## Aim of the exercise
Only the lines in the entries below from the line with "Dirty green occasional" to the line with "MSI - NVIDIA", both included, belong in the answer, transcribed exactly and without pictures.
[Material shown — start]
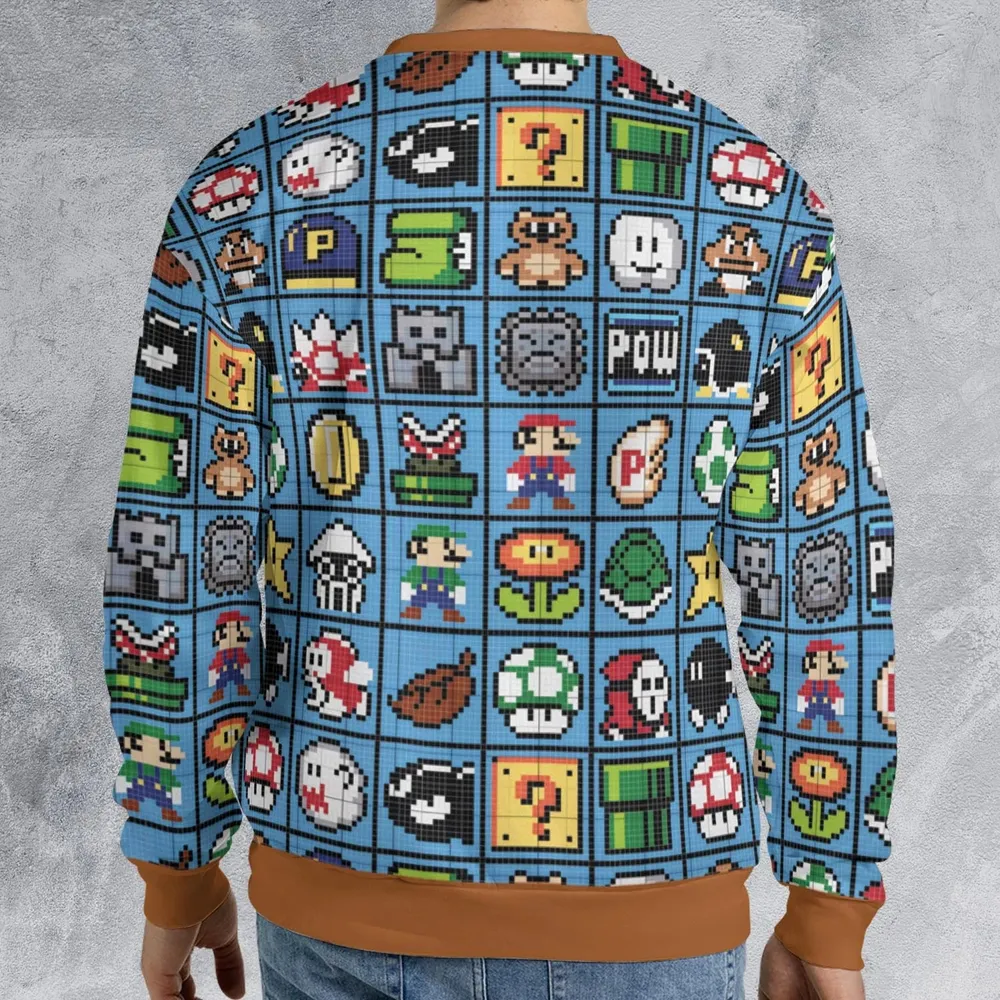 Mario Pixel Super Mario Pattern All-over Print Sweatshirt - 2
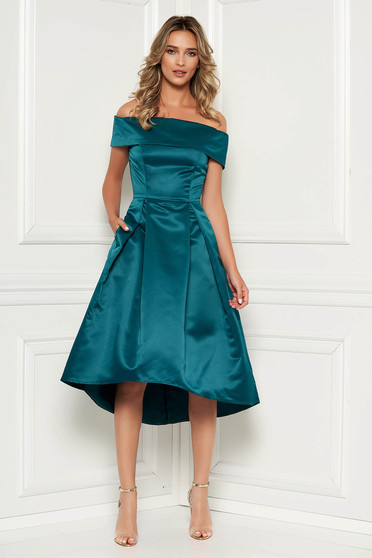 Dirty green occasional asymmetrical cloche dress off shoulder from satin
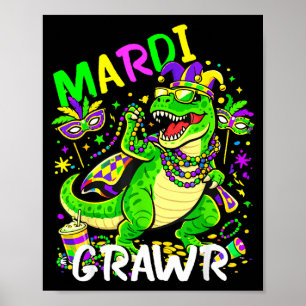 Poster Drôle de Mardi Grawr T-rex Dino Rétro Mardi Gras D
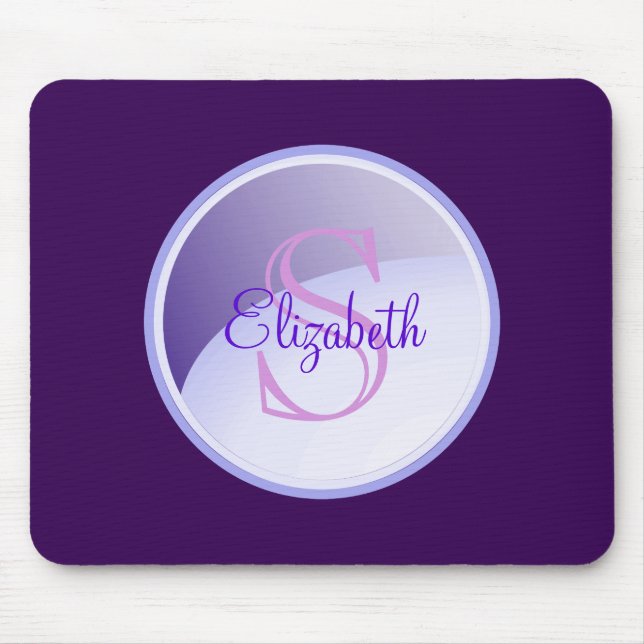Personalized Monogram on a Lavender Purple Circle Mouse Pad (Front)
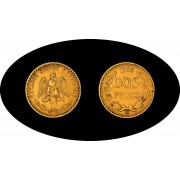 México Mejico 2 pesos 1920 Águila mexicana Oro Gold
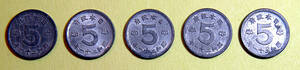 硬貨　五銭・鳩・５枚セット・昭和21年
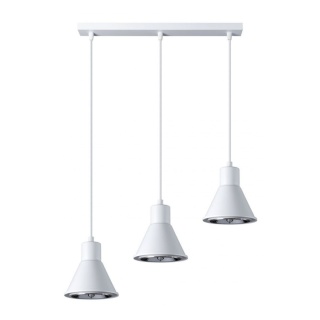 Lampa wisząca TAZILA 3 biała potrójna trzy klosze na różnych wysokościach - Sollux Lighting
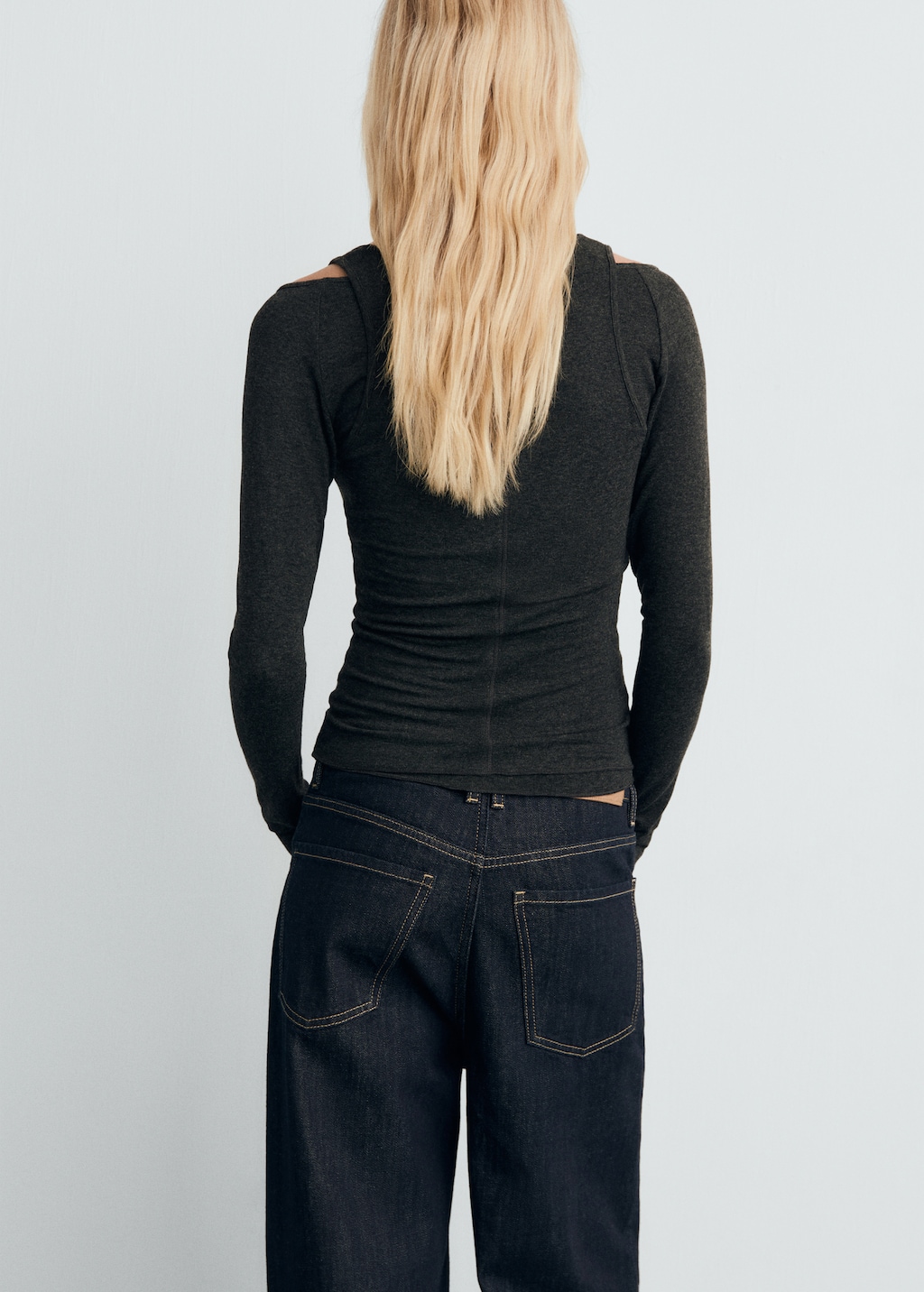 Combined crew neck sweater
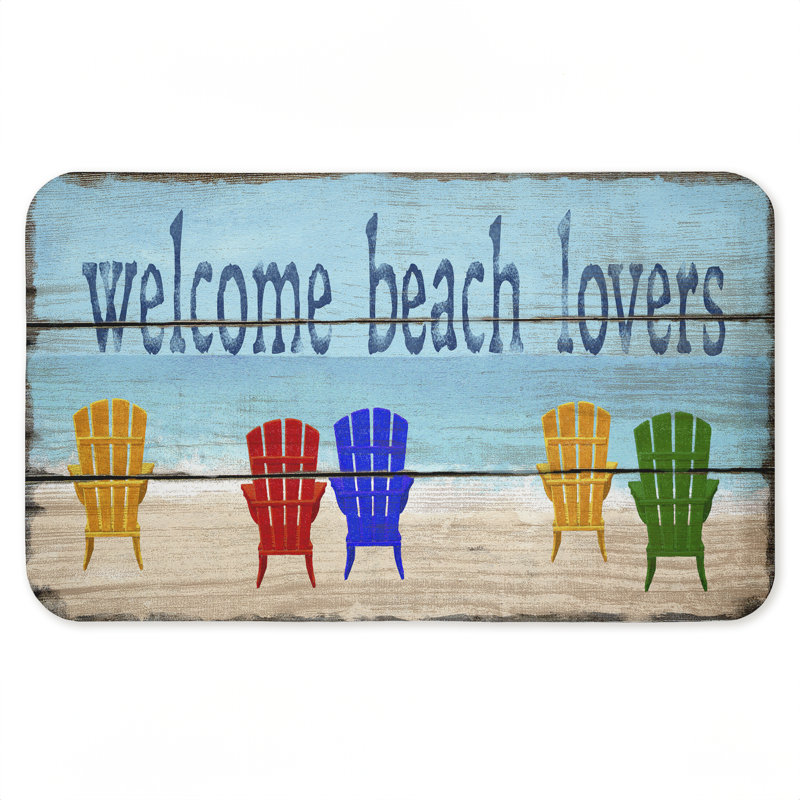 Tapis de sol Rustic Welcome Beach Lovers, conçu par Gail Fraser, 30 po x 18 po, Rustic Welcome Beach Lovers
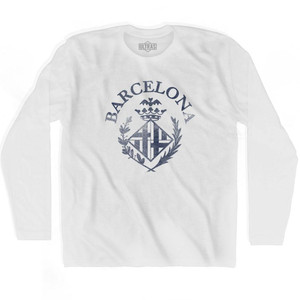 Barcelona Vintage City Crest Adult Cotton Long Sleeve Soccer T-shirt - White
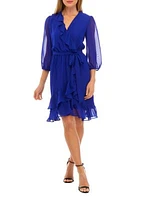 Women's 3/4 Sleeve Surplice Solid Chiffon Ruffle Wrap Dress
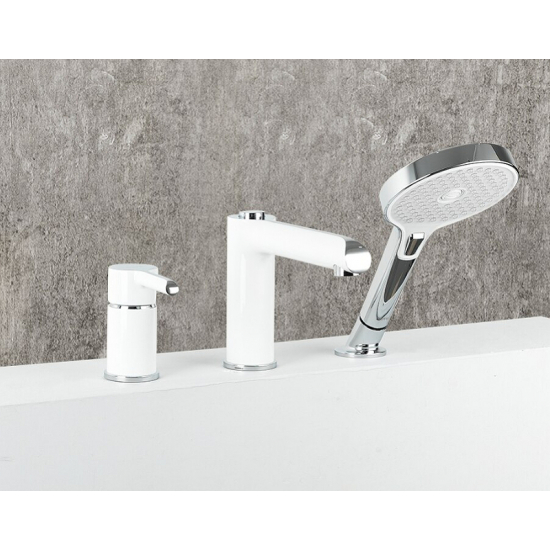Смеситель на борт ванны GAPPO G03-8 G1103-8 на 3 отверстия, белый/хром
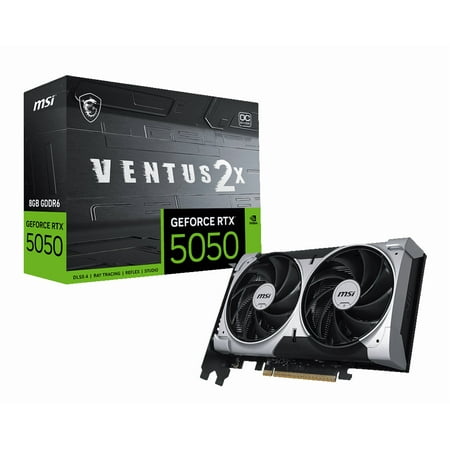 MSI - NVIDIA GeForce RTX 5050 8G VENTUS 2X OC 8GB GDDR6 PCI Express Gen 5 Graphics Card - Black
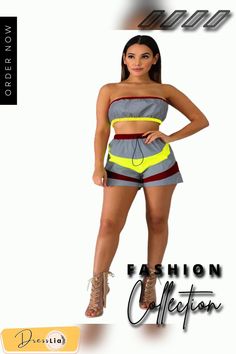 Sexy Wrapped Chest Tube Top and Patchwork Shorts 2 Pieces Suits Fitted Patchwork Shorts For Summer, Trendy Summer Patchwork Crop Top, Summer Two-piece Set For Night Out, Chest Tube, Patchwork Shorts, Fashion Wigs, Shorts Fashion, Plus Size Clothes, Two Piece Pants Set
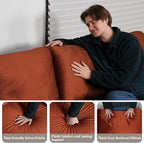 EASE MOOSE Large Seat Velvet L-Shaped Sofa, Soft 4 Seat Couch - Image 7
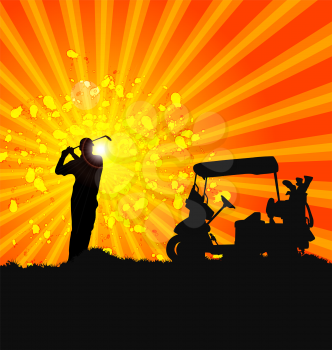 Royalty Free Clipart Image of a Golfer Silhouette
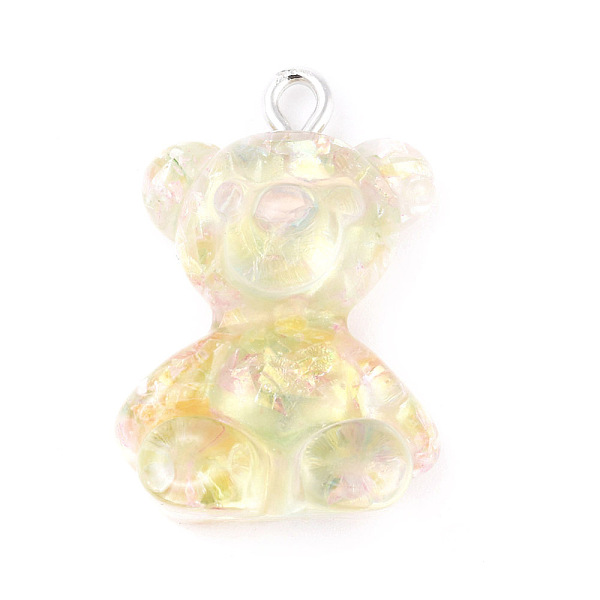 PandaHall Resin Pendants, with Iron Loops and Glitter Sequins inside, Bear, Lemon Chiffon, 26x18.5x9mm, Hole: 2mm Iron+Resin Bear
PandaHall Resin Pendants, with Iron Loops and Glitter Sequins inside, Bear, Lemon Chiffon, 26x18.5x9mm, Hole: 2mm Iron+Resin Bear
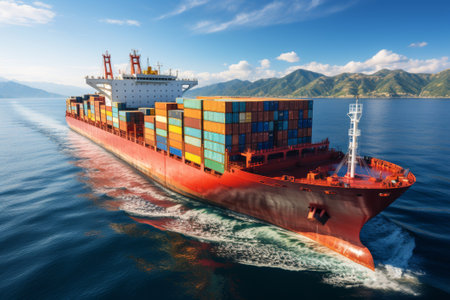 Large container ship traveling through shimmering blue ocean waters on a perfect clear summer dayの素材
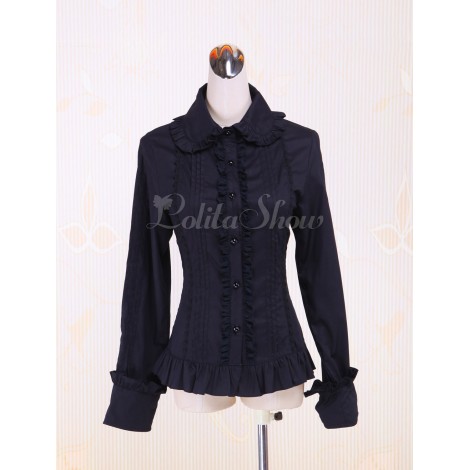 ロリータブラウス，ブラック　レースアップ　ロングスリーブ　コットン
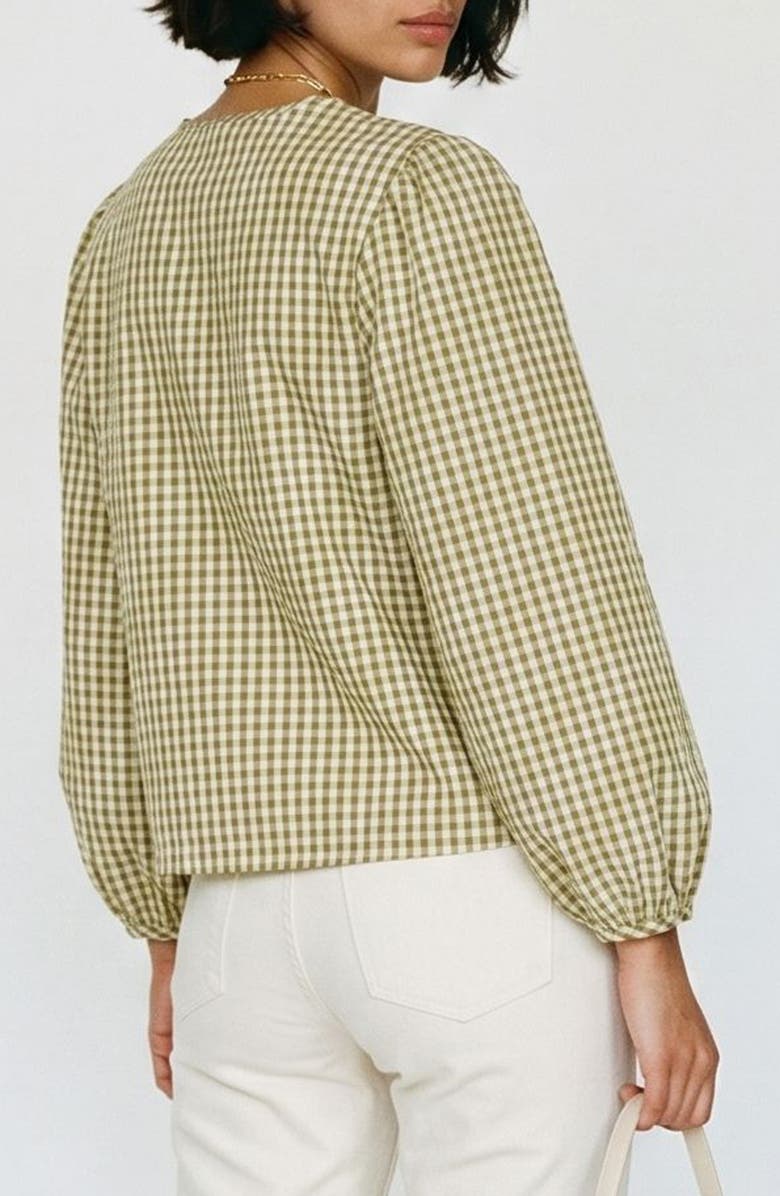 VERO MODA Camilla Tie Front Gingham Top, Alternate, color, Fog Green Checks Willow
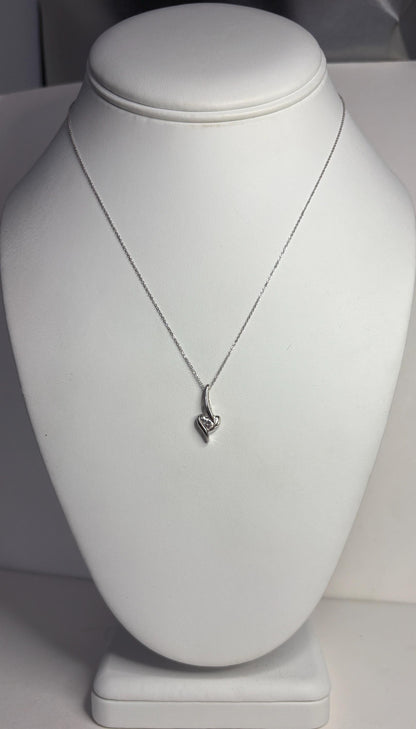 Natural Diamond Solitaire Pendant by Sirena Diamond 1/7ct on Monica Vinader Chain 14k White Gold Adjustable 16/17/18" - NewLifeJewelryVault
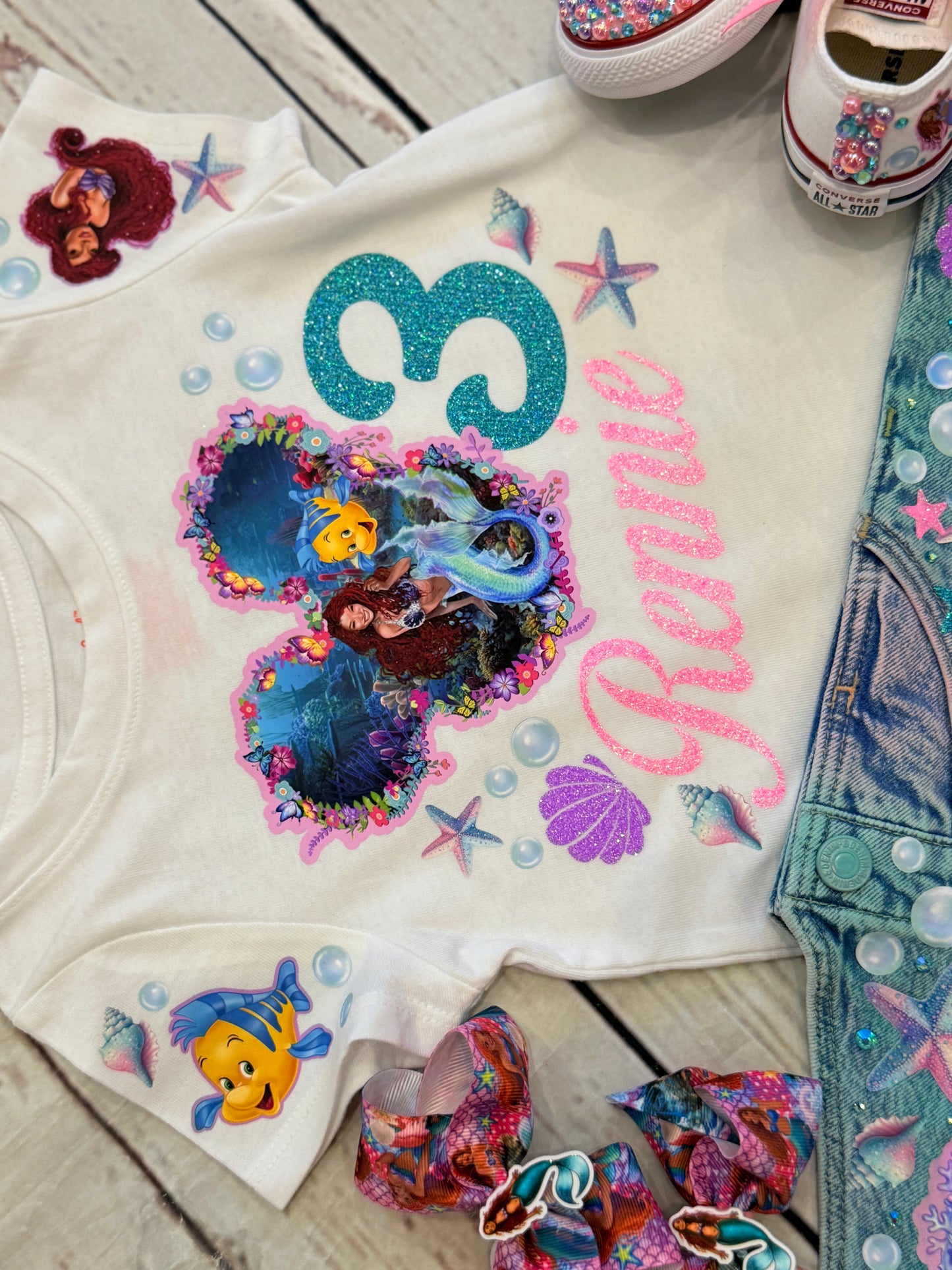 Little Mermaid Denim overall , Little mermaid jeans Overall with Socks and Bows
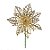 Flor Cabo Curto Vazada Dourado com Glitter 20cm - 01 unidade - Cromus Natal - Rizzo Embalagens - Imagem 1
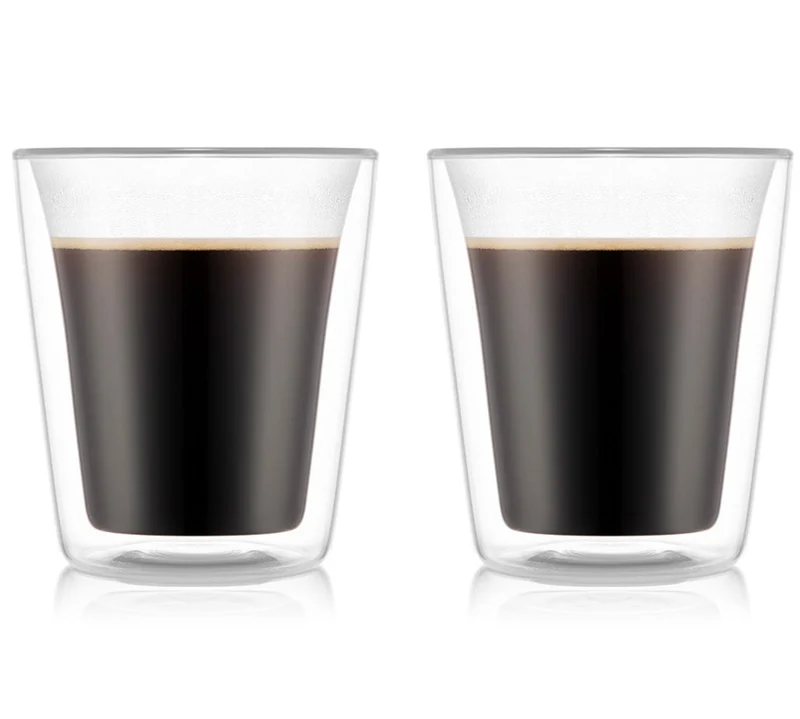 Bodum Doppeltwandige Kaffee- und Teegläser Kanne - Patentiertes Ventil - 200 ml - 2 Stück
[Material shown — finish]
## Solved exercise
 Dirty green occasional asymmetrical cloche dress off shoulder from satin
 Poster Drôle de Mardi Grawr T-rex Dino Rétro Mardi Gras D
Personalized Monogram on a Lavender Purple Circle Mouse Pad (Front)
 México Mejico 2 pesos 1920 Águila mexicana Oro Gold
 硬貨　五銭・鳩・５枚セット・昭和21年
 Lampa wisząca TAZILA 3 biała potrójna trzy klosze na różnych wysokościach - Sollux Lighting
 Combined crew neck sweater
 Tapis de sol Rustic Welcome Beach Lovers, conçu par Gail Fraser, 30 po x 18 po, Rustic Welcome Beach Lovers
 Barcelona Vintage City Crest Adult Cotton Long Sleeve Soccer T-shirt - White
 Women's 3/4 Sleeve Surplice Solid Chiffon Ruffle Wrap Dress
Смеситель на борт ванны GAPPO G03-8 G1103-8 на 3 отверстия, белый/хром
 MSI - NVIDIA GeForce RTX 5050 8G VENTUS 2X OC 8GB GDDR6 PCI Express Gen 5 Graphics Card - Black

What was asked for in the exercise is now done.